Here I used Levenshtein Distance method to calculate the amount of similarity between two strings. The method LevenshteinDistance(String source, String target) will return the cost to convert the source string to target string, by considering insertion, deletion and substitution of a character, each of them costs 1.
In the Tester class you can use an appropriate threshold to get the approximate matching strings.
public class StringUtils {
public static int LevenshteinDistance(String source, String target) {
// d[i,j] will hold the Levenshtein distance between
// the 1st i characters of s & the 1st j characters of t;
// note that d has (m+1) x (n+1) values
int m = source.length(), n = target.length();
int[][] d = new int[m][n];
char[] s = source.toLowerCase().toCharArray();
char[] t = target.toLowerCase().toCharArray();
for (int i = 0; i < m; i++) {
d[i][0] = i; // any 1st string to an empty 2nd string
}
for (int j = 0; j < n; j++) {
d[0][j] = j; // any 2nd string to an empty 1st string
}
for (int j = 1; j < n; j++) {
for (int i = 1; i < m; i++) {
if (s[i] == t[j]) {
d[i][j] = d[i - 1][j - 1]; // no operation
} else {
//minimum of DELETION, INSERTION, SUBSTITUTION (each costs 1)
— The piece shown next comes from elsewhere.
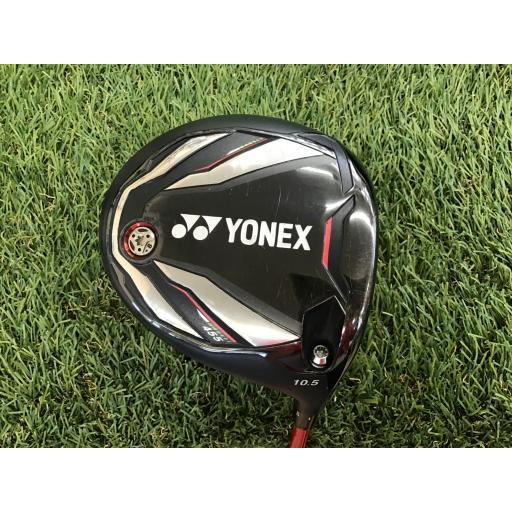 EZONE ヨネックス YONEX イーゾーン ドライバー GT 455(2020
d[i][j] = Math.min(d[i - 1][j] + 1, Math.min(d[i][j - 1] + 1, d[i - 1][j - 1] + 1));
}
}
}
return d[m - 1][n - 1];
}
}
public class Tester {
public static void main(String[] args) {
List<String> suggestionList = new ArrayList<String>();
List<String> sourceList = new ArrayList<String>();
sourceList.add("abc");
sourceList.add("abcefg");
sourceList.add("abcfgh");
sourceList.add("abcdhfgi");
sourceList.add("abcd ghi");
sourceList.add("abcdefgh");
for (String s : sourceList) {
int editCost = StringUtils.LevenshteinDistance(s,"abcdefgh");
if (editCost <= 3) {
suggestionList.add(editCost + s);
}
}
//Sort, best match first
Collections.sort(suggestionList);
int count = 0;
for (String s : suggestionList) {
System.out.println(s);
}
}
}
Guess the output...